Anyone have any recommendations for creating a multi-tenant application that is straightforward to test and implement?
I have developed the application initially with a sort of top level “Tenant” class which has a lot of has_many relationships which is working okay. The frustrating part is the amount of joins you have to do from your models further down the line to keep your proper scope.
In looking at the popular multi-tenancy gems ( Category: Multitenancy - The Ruby Toolbox ), it appears like the gems either add a separate database/schema (e.g. Apartment) or add a tenant_id key in every table.
Does any one have experience or opinions on the best way to handle this?
I have a multi-tenant app in production and I use the default_scope method described by Ryan Bates in his Railscasts episode.
The real only issue I’ve had so far with this method is people yelling at me for using this method
I bought the book referenced above. It’s gone through a few iterations since I bought it, recommending different approaches through time.

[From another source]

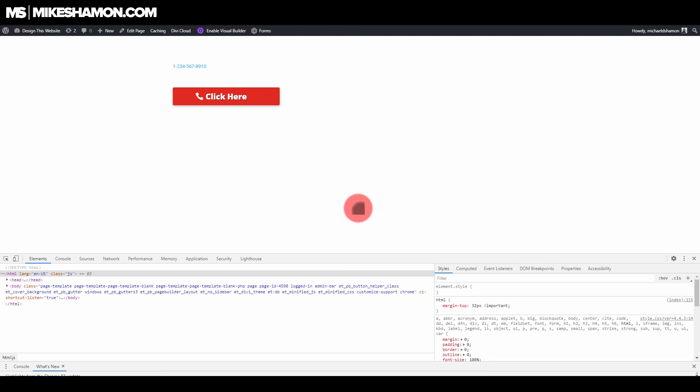If you want to get the Divi theme, I offer a bonus when you get through my affiliate link. Go to divibonus.com and you can check that out as well. All right guys, check out my other tutorial videos, and I'll see you on the other side.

I was of some use while I was developing but the version I had spent a great deal of time building a forum gem to actually use the multi-tenant techniques with, which was not of much interest to me, and in fact confused the issue.
The main drawbacks I’ve found with the default_scope method are (1) in the Rail console you’re always tagging .unscoped onto everything, this can become a bit cumbersome, and (2) you need to ensure you have a tenant set up in your test_helper since most of your tests will need it. Apart from that it’s been fairly easy going.
The advantages are numerous - the tenant (and therefore default scope) is established as soon as a user signs in, then you don’t have to reference it again in any queries etc. The creation of new records is automatically scoped to the current tenant, very handy. Your models aren’t littered with a lot of conditional scopes for if a user is signed in or not. It’s secure because since there can only be a single tenant there’s no possibility of queries leaking across tenants.
I did look at using PostgreSQL schemas but I was concerned about performance, backups and how to query across schemas for records like User which need to be queried when there is no-one currently signed in.
I just finished a project with Apartment and it was an extremely simple setup. I have other apps which are multi-tenant apps and I have used the default_scope route, the id route and found Apartment to be simpler than all of them. It really let me focus on just developing the application like a single tenant app.
I can’t speak to performance in detail, but I use schemas in SQL Server and schemas adds no discernible overhead to the performance of the database. I imagine the only difference would be in ActiveRecord, but without knowing exactly how Apartment does it exactly I can image all it needs to do is prepend the schema name to the table name in the query.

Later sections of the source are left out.